1. Slater Koekkoek – LD/RD
The tenth overall draft pick for Tampa Bay back in 2012, Slater Koekkoek is still young enough where that top-ten pedigree still wields some clout. A mobile two-way left-handed defender with the size that the Bruins value at 6’2 195-pounds, Koekkoek has 149 games of NHL experience under his belt with encouraging underlying analytics. Scoring ten points in 42 games in a bottom-pair role-playing 17 minutes a night this past season, Koekkoek was but a faint glimmer of hope for a struggling Chicago Blackhawks team who surprisingly decided not to bring him back. Chicago’s loss could end up being Boston’s gain. Koekkoek is not flashy by any means but can play both the left and right sides and is a player who will not hurt you should he have to play higher in the lineup. Koekkoek would fill a role with a no-frills, low-event style combined with a versatility that Sweeney and Cassidy crave on the back end.
2. Ben Hutton – LD
Ben Hutton is a Left-handed two-way defender who leans more towards the offensive side of the puck. Hutton is coming off a good season for a miserable Los Angeles Kings team scoring 16 points in 64 games and an honest-to-god +3 rating playing around 17 minutes a night. Much like Koekkoek, the 27-year-old Hutton was not brought back due to being declared excess goods by a rebuilding Kings squad. Hutton could fill the bottom pairing puck-moving defenseman role needed due to Matt Grzelcyk’s potential ascension into a higher spot on the depth chart.

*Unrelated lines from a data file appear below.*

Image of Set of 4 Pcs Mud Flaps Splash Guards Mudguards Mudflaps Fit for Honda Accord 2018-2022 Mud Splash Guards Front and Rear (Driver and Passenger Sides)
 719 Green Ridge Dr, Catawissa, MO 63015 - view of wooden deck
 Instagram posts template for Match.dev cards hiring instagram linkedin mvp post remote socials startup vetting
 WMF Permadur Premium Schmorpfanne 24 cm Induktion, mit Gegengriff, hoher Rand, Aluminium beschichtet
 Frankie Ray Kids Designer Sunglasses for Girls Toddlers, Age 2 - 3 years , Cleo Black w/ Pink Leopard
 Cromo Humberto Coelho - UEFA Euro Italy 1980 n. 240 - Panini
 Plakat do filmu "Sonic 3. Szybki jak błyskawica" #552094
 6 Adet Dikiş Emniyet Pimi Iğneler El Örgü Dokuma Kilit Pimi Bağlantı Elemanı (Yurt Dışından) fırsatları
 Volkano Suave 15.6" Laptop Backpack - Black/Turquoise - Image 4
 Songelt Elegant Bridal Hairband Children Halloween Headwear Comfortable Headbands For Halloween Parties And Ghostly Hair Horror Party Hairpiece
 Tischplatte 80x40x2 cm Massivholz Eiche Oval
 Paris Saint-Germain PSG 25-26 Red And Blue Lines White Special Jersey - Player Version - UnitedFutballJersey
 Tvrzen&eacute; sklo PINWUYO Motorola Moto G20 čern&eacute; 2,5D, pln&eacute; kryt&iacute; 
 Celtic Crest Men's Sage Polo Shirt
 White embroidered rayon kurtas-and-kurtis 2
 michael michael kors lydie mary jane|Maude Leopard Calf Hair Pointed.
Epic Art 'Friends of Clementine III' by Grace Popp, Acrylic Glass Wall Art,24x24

You could do far worse than someone like Hutton for this spot. Being a positive even-strength defender when you are on the ice is tough when you play for a team that was ranked third from the bottom in the Western conference in goal differential, but that is just what Hutton was able to do. Though he is not the physical type, Hutton is a swift skater who can slot into the power play in a pinch and has that NCAA pedigree (University of Maine – 2015) That the Bruins brass seems to prefer.
3. Michael Del Zotto – LD
A 2008 first-round draft pick, the 30-year-old Del Zotto, firmly established himself as a journeyman in the NHL. Del Zotto’s next team will end up being the seventh of his career and his fifth in the last five years (Philadelphia, Vancouver, Anaheim (x2), St. Louis). Making Del Zotto a quintessential candidate for a PTO. Another defenseman who had a decent season as a rotational sixth/seventh defender for a rebuilding team. Del Zotto made a positive impact on the ice in somewhat sheltered minutes (14 points in 49 games with a +2 rating playing almost 20 minutes a night). Del Zotto can still move at his age, with his production and experience as a well-traveled veteran making him an attractive insurance policy and leader for the infusion of youth Sweeney ultimately wants to see on the back end.
4. Drake Caggulia – LW/RW
Even though the Bruins are set up very nicely with their forward group as constructed, a player like Caggiula is the kind of guy who would become an instant fan favorite at TD Garden. The 26-year-old Caggiula is a fast, defensively sound player that is a pure buzzsaw. With a style that calls to mind former Bruin Noel Acciari, Caggiula has a little pop-gun offense (15 points in 40 games playing 12 minutes a night) to augment his game. Ultimately his calling card is his physicality, despite the fact that that Caggiula was another victim of the Blackhawks numbers game. A bottom-6 forward who can switch between the left and right wings and be a pure wrecking ball on the ice would make a perfect fit for a front office continuing to trumpet a want for the team to be tougher to play. Caggiula would fit this bill to a tee.